The Obergefell v. Hodges decision (2015) required states to license same-sex marriage, thereby infringing on the sanctity of holy matrimony. Much of its effect was sudden and obvious. However, the consequences of the Bostock case will work into society more gradually, ever fashioning a class of individuals with rights that supersede the rights of others.
As an example, Hamilton cited one of three cases considered in the Bostock decision, wherein a male employee of Harris Funeral Home began to wear female attire and claimed to be a woman. Not only did his bizarre behavior place an undue burden on grieving families, but it also violated the beliefs and values of his employer.
Hamilton explained, “The Supreme Court has essentially said, ‘We don’t care what you believe, private citizen.
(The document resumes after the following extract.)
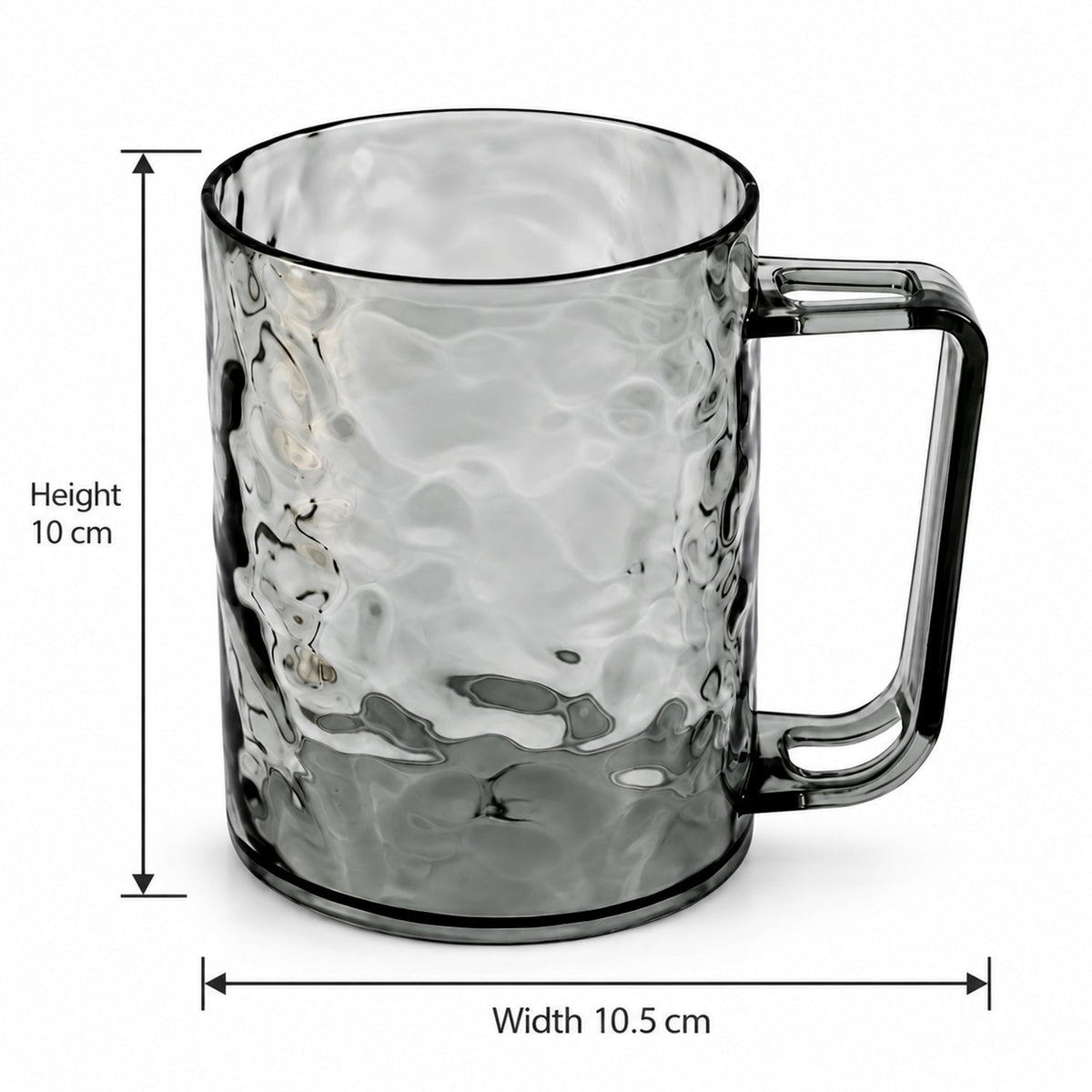 Textured Plastic Drinking Mug With Handle For Bathroom And Home Use (1 Pc)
You no longer have the freedom to operate your enterprise consistent with your conscience and your religious beliefs.’”
The Bostock decision completely mars what it means to be a man or a woman, and, therefore, puts into question Title IX of the Education Amendments of 1972. Cases involving restrooms in publicly funded buildings and sex-specific participation in state and federally funded programs will now fall under the scrutiny of the language in the Bostock opinion.
In addition to First Amendment rights, “religious organizations and churches have explicit protections under Title 42 Section 2000 of the federal law that allows them to operate within the ambit of their religious beliefs,” explained Hamilton.
“But the farther you get away from a church, the more in jeopardy the organization’s operations are going to be ... because the courts will then begin to analyze how religious it is. If they arbitrarily decide the majority of your function is secular versus religious, you then begin to move away from protections as a religious organization. And small businesses owned and operated by Christians have no protections.”
Church and state
“The courts are continuously yielding to the pressure of what they believe the culture is demanding,” Hamilton said. “It’s a modern iteration of ‘Give us Barabbas.’”
He pointed out that Congress can pass legislation to overrule the SCOTUS decision, but will it? He believes it’s highly unlikely because “Congress consistently avoids its responsibility.
“Many of us have been placing our hope, faith, and trust for the future in political systems – getting the right person in office or the right judge on the bench,” he added. “And we’ve neglected the shaping of the hearts and minds of the populous through evangelism and discipleship.
“Anything other than Jesus Christ that serves as the anchor or repository for all our hope and expectation is a form of idolatry. People still need the gospel.”